## [What is required]
All the lines below should be set down exactly, with no picture carried into the copy.

## [The data]
------------------------------------
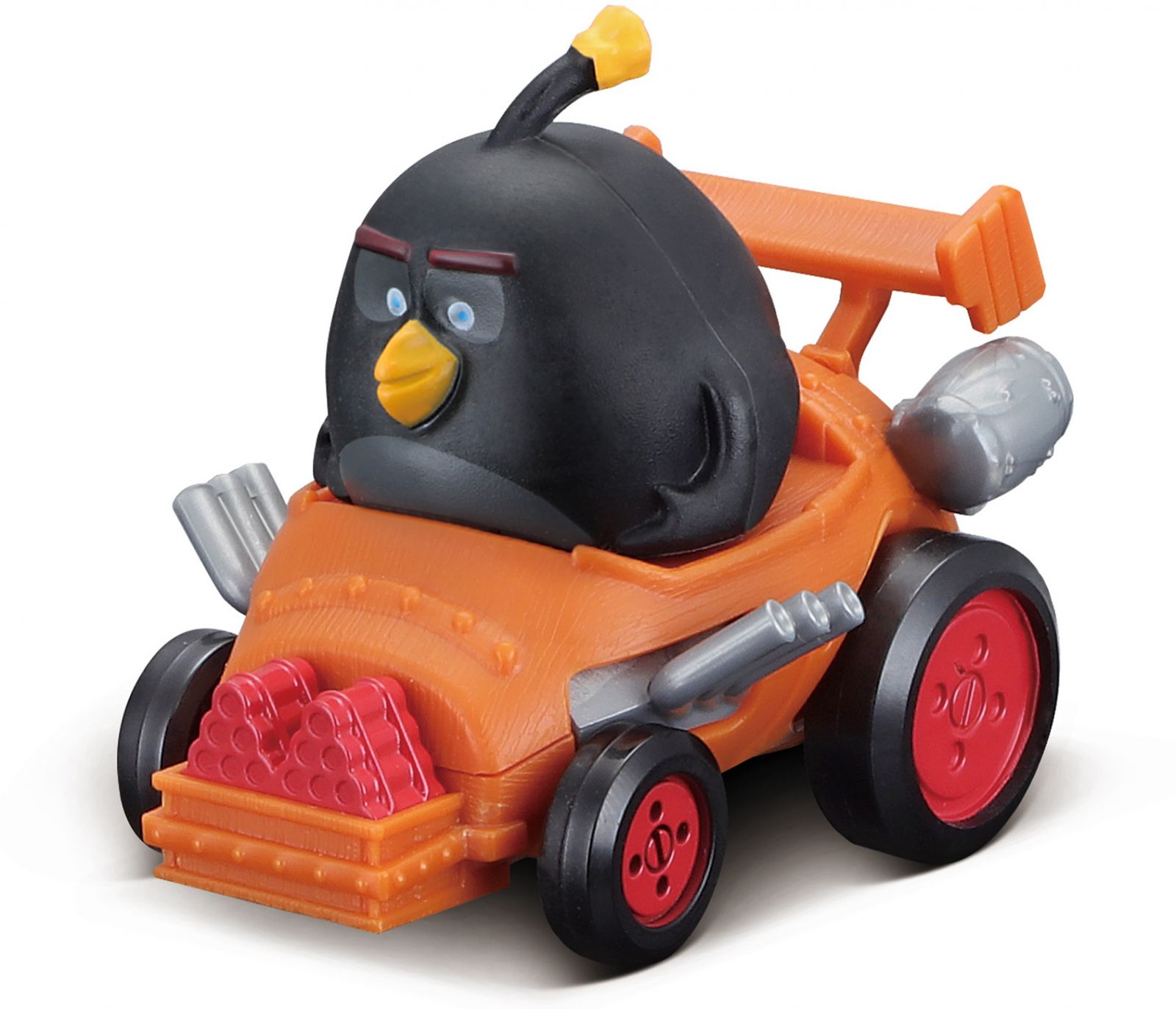 Maisto autíčko Angry Birds CRASHERS - Bomb´s Barrel Racer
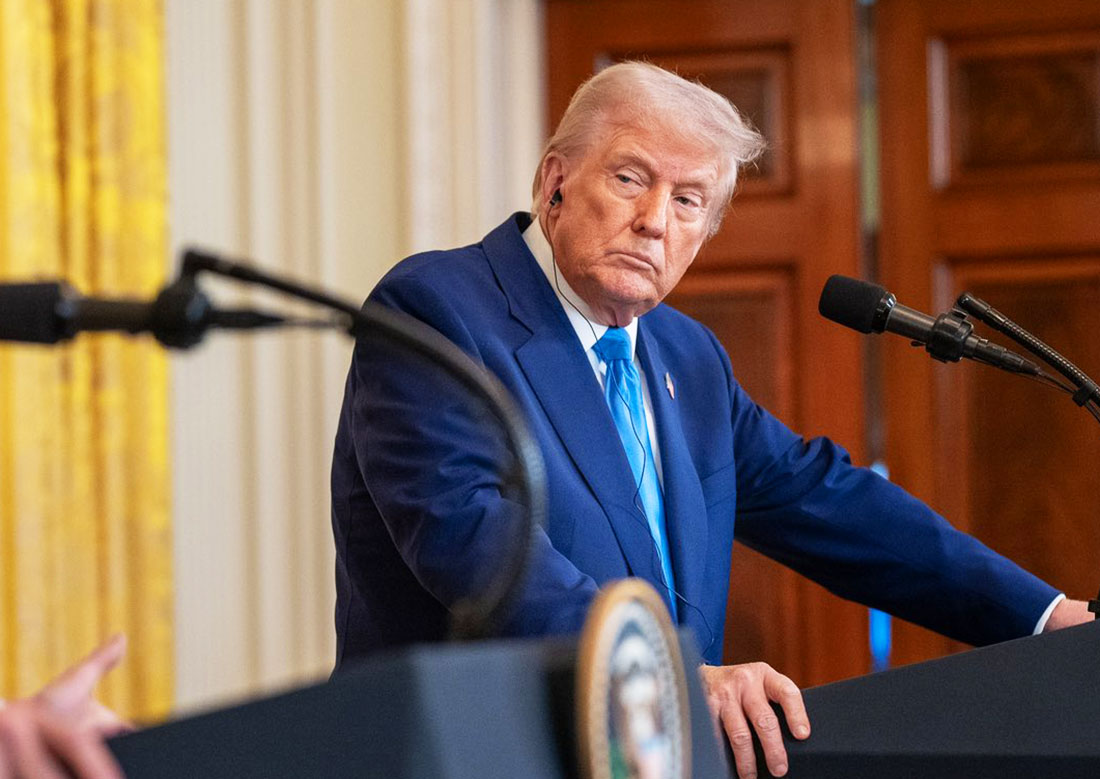 Трамп отказался назвать Путина диктатором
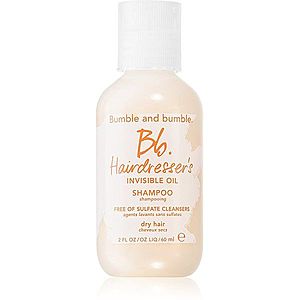 Bumble and bumble Hairdresser's Invisible Oil Shampoo šampón pre suché vlasy 60 ml vyobraziť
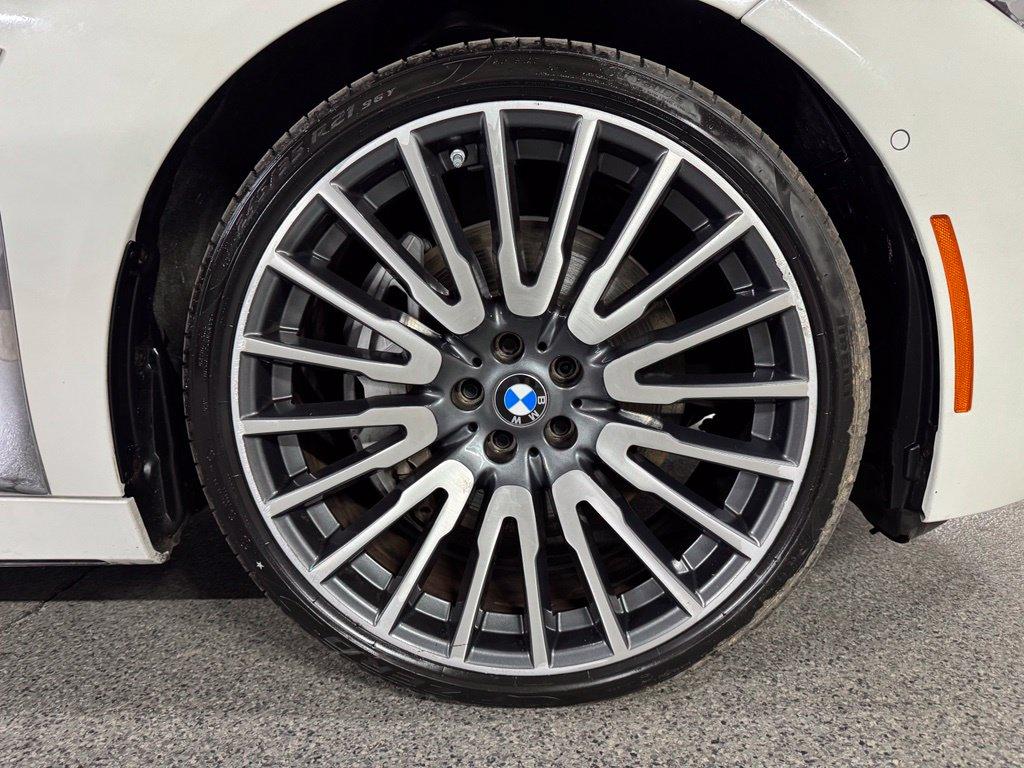 used 2022 BMW 745e car, priced at $46,990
------------------------------------
## [Result for this task]
 Maisto autíčko Angry Birds CRASHERS - Bomb´s Barrel Racer
 Трамп отказался назвать Путина диктатором
 Bumble and bumble Hairdresser's Invisible Oil Shampoo šampón pre suché vlasy 60 ml vyobraziť
 used 2022 BMW 745e car, priced at $46,990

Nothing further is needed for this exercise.